Task to carry out
Output nothing except the lines from the one containing "Мистер. Бумага 4Style" through the final line of the data, both included, typed exactly, minus the pictures.

Record extracts
------------------------
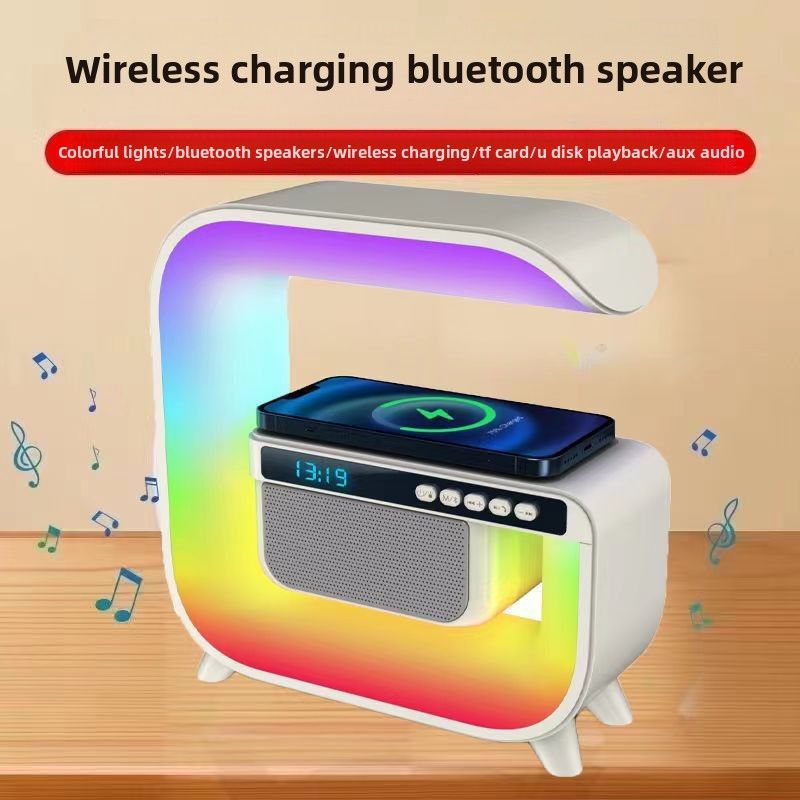 2025 m. populiarus naujas didelis G3 spalvingas su laikrodžio apšvietimu prie lovos daugiafunkcis „Bluetooth“ garso belaidis įkrovimas „Bluetooth“_voghion.com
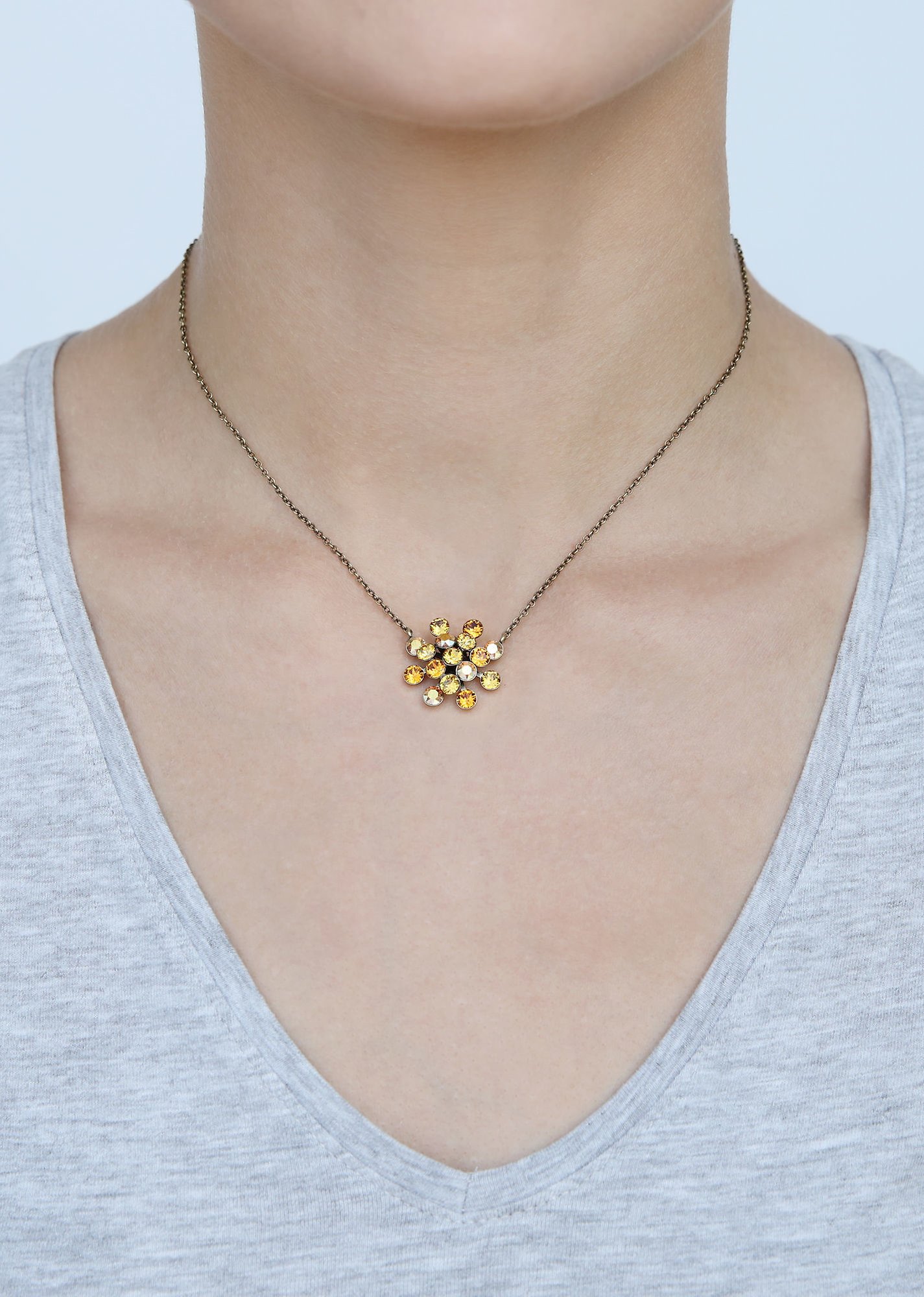 image pour Collier pendant Magic Fireball Jaune  Classic Size (21mm Ø)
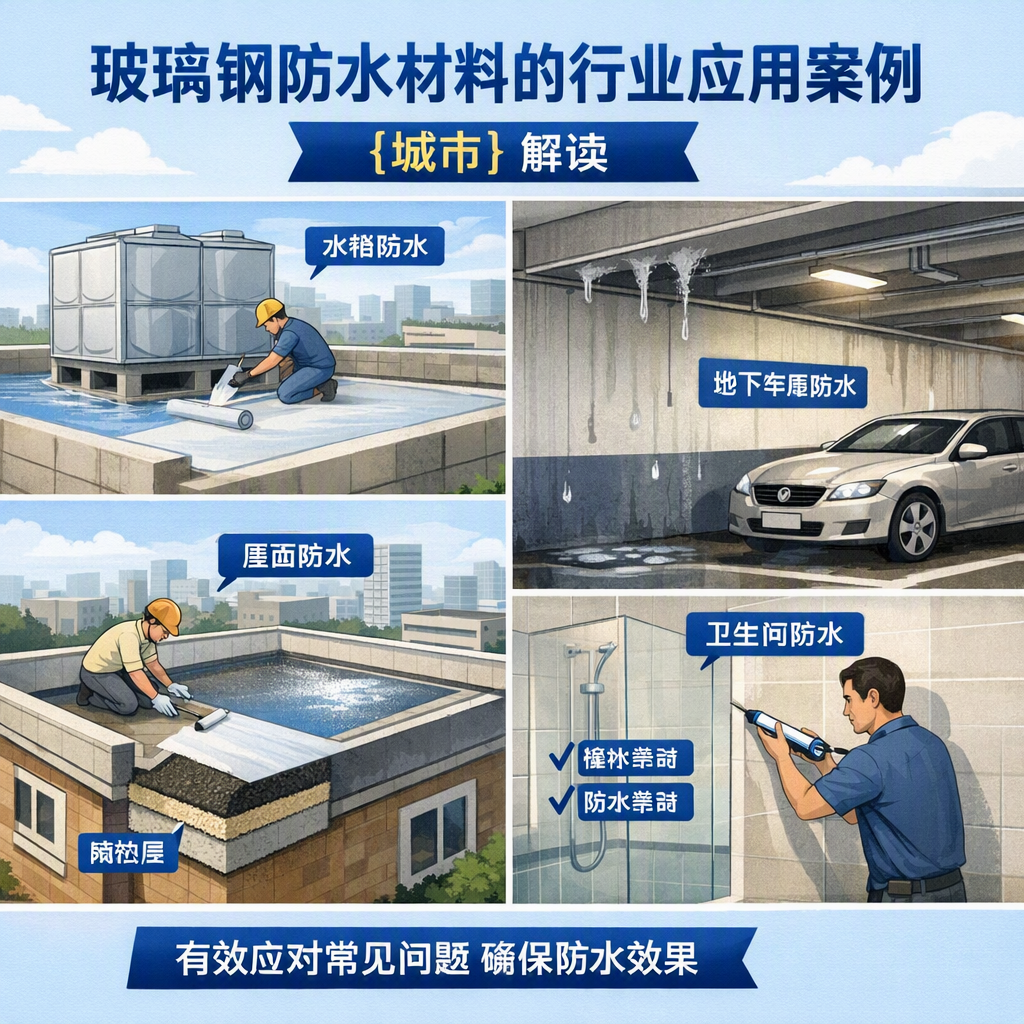 玻璃钢防水材料的行业应用案例，滨州解读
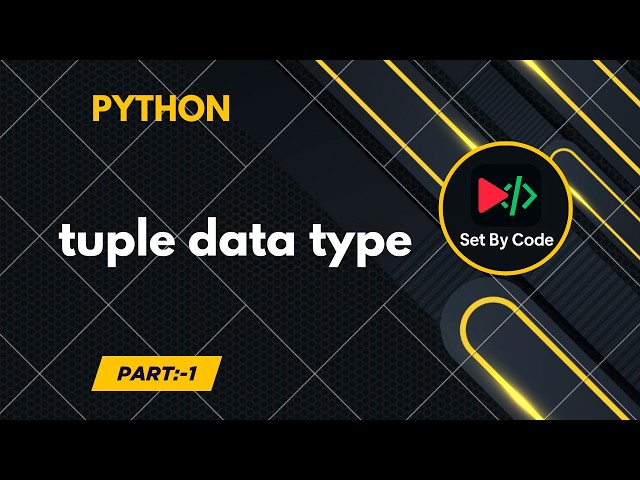 Python | tuple Datatype | Basic Code | 2026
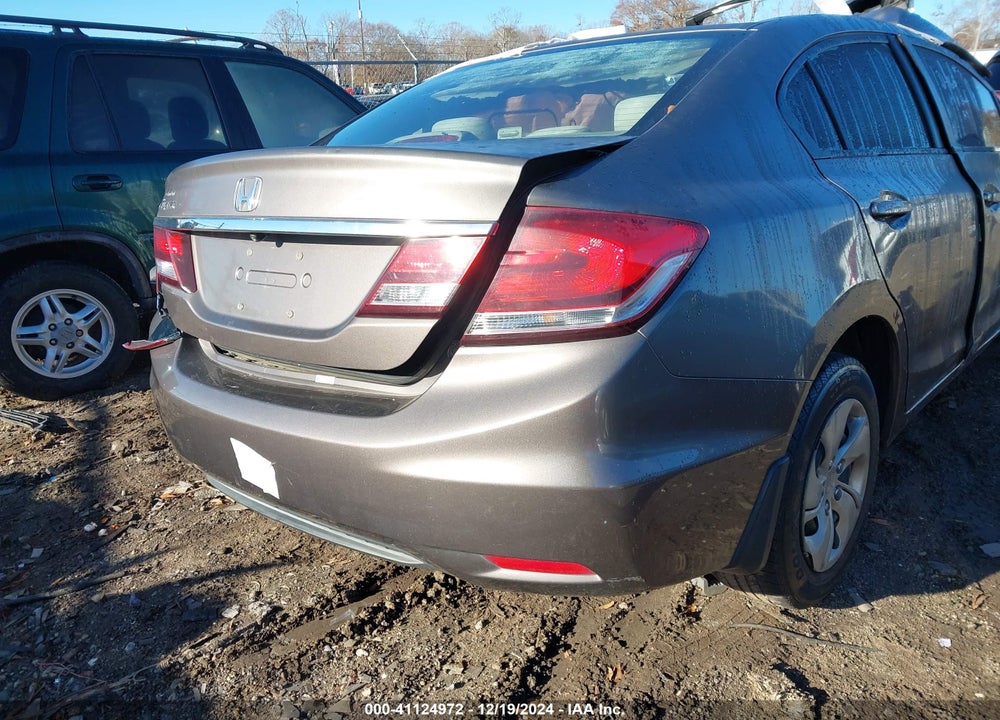 2013 HONDA CIVIC LX VIN: 2HGFB2F52DH596797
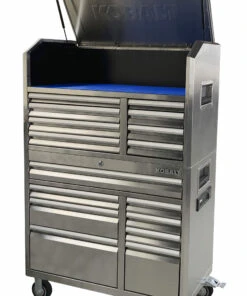 Kobalt Top Tool Chests 3000 Series 41-in W x 26.1-in H 8-Drawer Stainless Steel Tool Chest (Stainless Steel) -Kobalt Sales Store 15318999 scaled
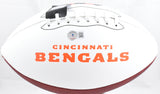 Tee Higgins Autographed Cincinnati Bengals Logo Football - Beckett W Hologram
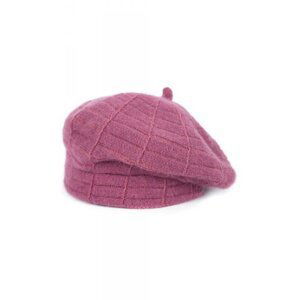 Art Of Polo 23398 Shaggy Plum Dámský baret 54-59 cm Dirty Pink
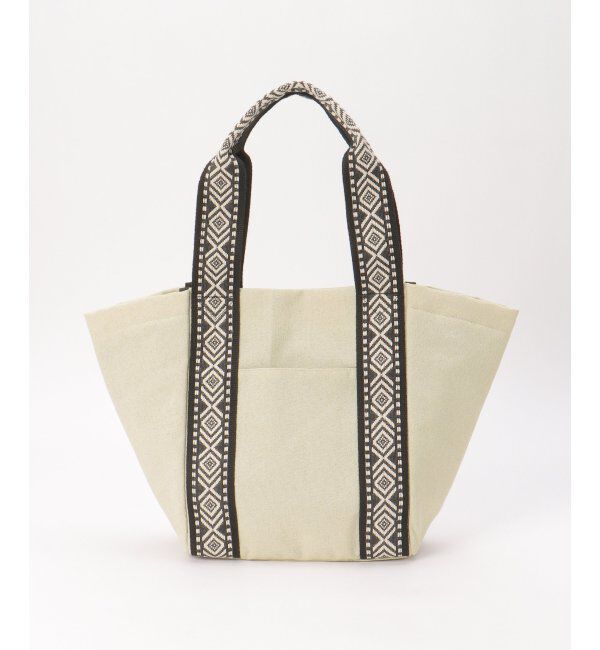 Lbc with Life「キャンバスエスニックテープトートバッグ」|その他|ベージュ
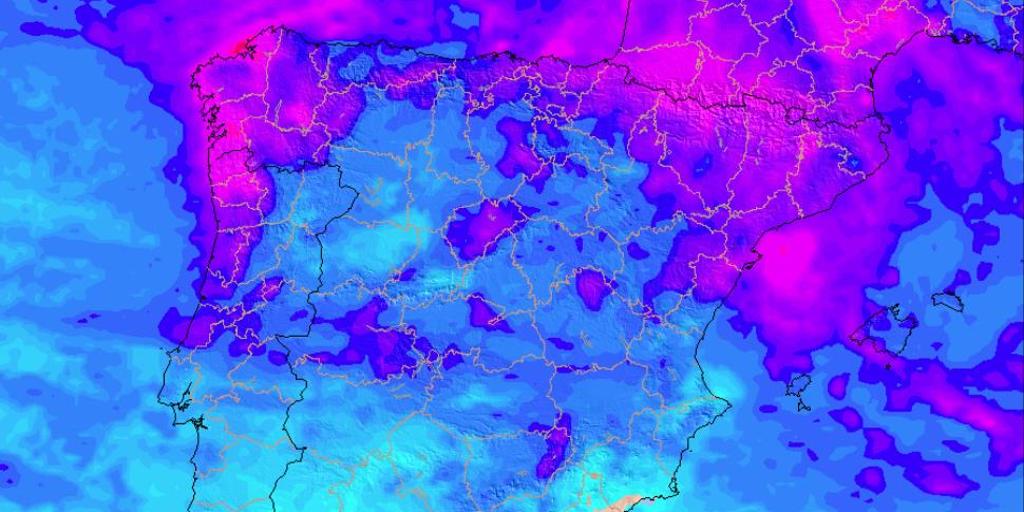 La Aemet avisa de la llegada de un frente frío de fuertes lluvias y nieve a España: estas son las zonas más afectadas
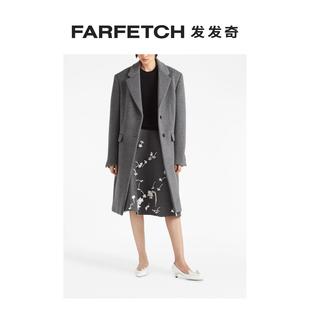 Prada普拉达女士高腰A字半身裙 FARFETCH发发奇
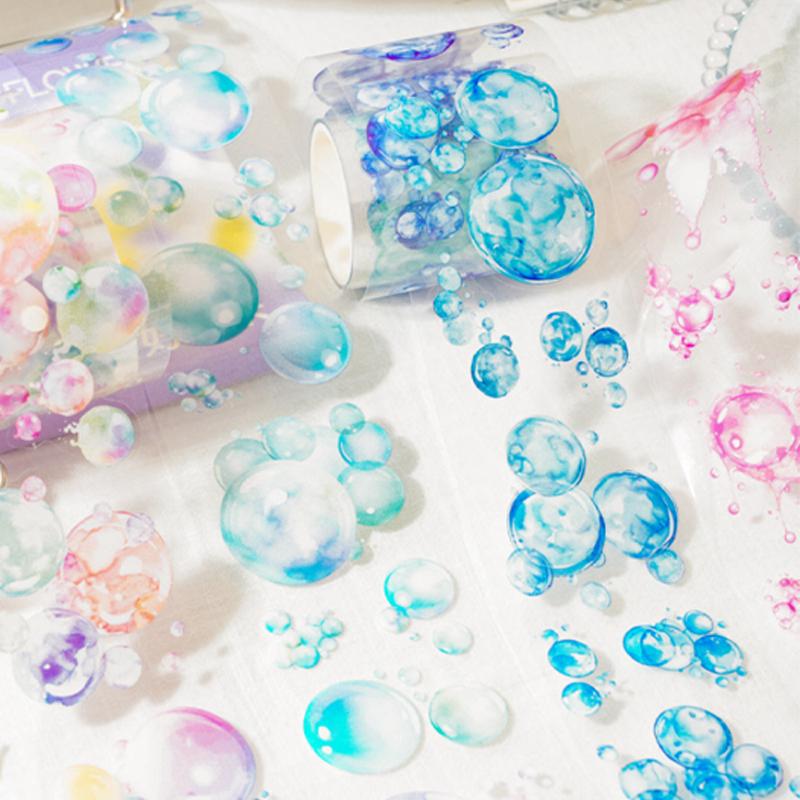 Мистер. Бумага 4Style 1 рулон/пакет Серия Illusion Bubble Длинная петля Высеченная ПЭТ-лента DIY Материал для украшения блокнота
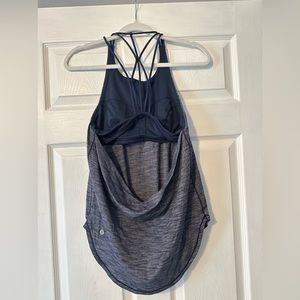 Lululemon 2-in-1 Bra and Top with strappy and open back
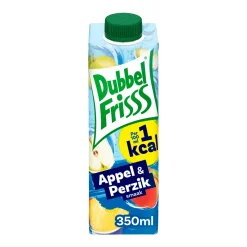 DubbelFrisss 1Kcal Appel Perzik pak (8x 350ml)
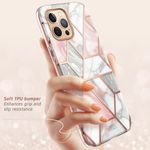 Husa premium i-Blason - Cosmo - iPhone 12 Pro Max - Marble fotografia produsului View 3 S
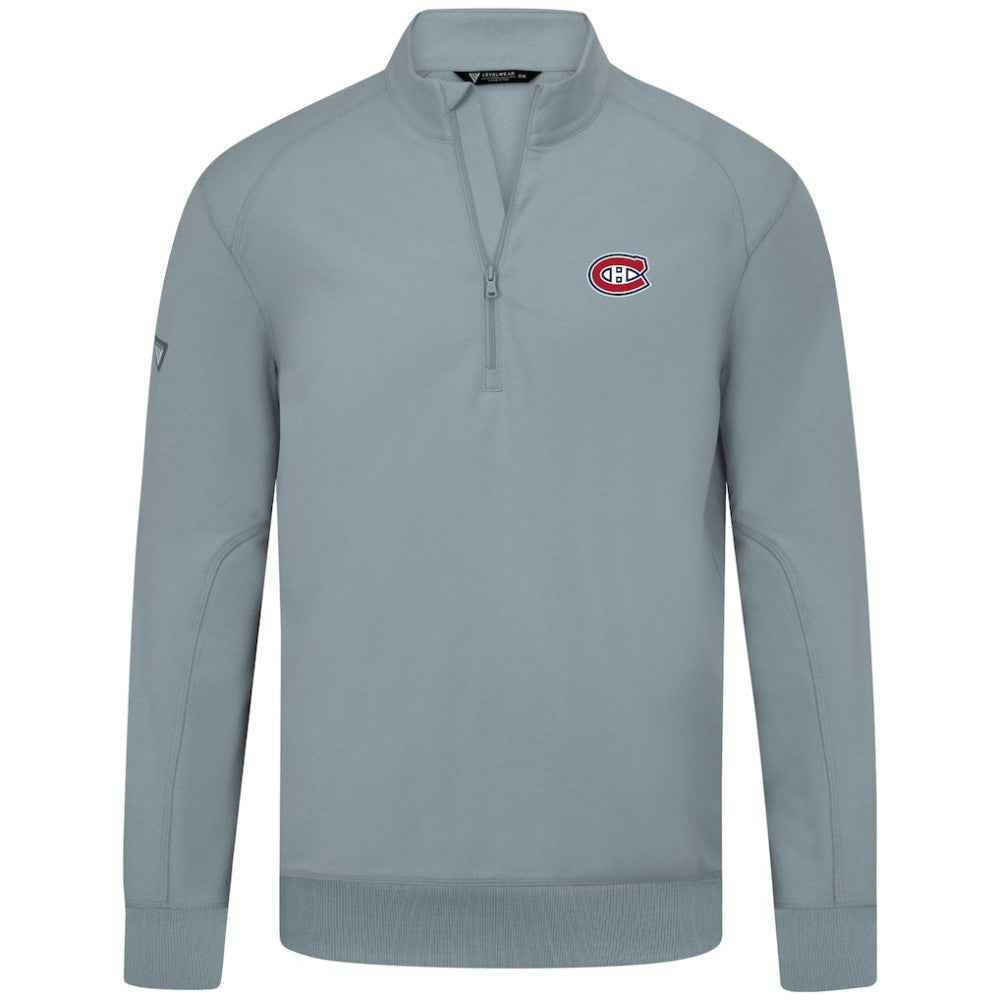 Montreal Canadiens Levelwear Upright Tri-Blend Quarter-Zip Pullover -  NHL Pullover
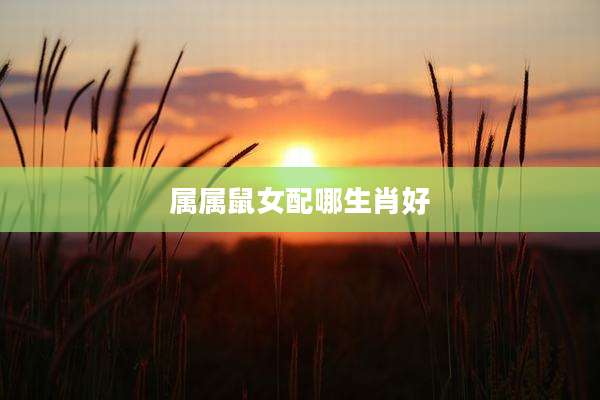 属属鼠女配哪生肖好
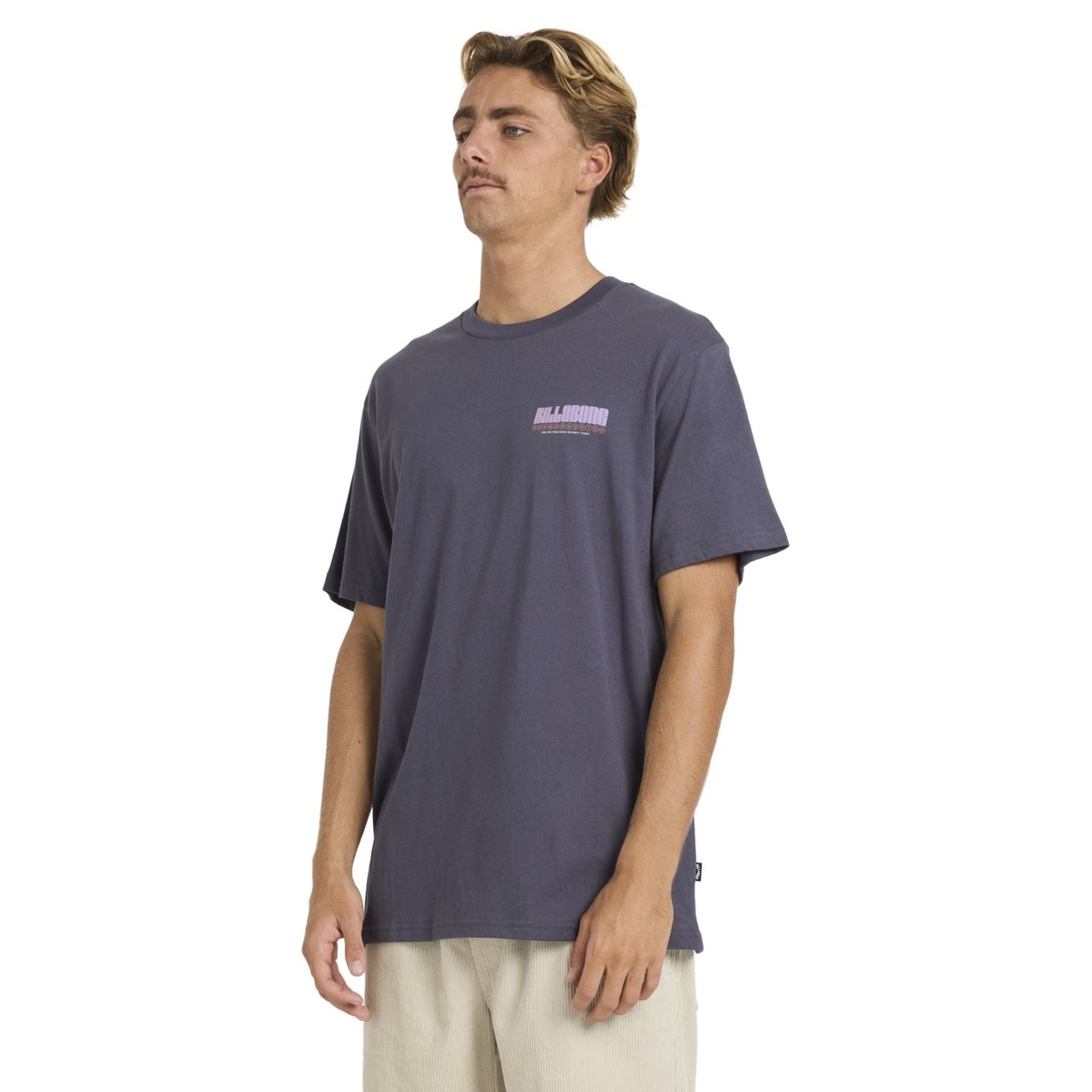 T shirt manches courtes BROADSHEET PREMIUM noir graystone, BILLABONG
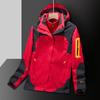 Giacca Shell Autunno Inverno Giacca Cappotto da Uomo Ampio Outdoor Casual Antivento Tre in Uno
------------------------
Solution for this task
 Мистер. Бумага 4Style 1 рулон/пакет Серия Illusion Bubble Длинная петля Высеченная ПЭТ-лента DIY Материал для украшения блокнота
 Lululemon 2-in-1 Bra and Top with strappy and open back
 DubbelFrisss 1Kcal Appel Perzik pak (8x 350ml)
 Husa premium i-Blason - Cosmo - iPhone 12 Pro Max - Marble fotografia produsului View 3 S
 Montreal Canadiens Levelwear Upright Tri-Blend Quarter-Zip Pullover -  NHL Pullover
 属属鼠女配哪生肖好
 T shirt manches courtes BROADSHEET PREMIUM noir graystone, BILLABONG
 Giacca Shell Autunno Inverno Giacca Cappotto da Uomo Ampio Outdoor Casual Antivento Tre in Uno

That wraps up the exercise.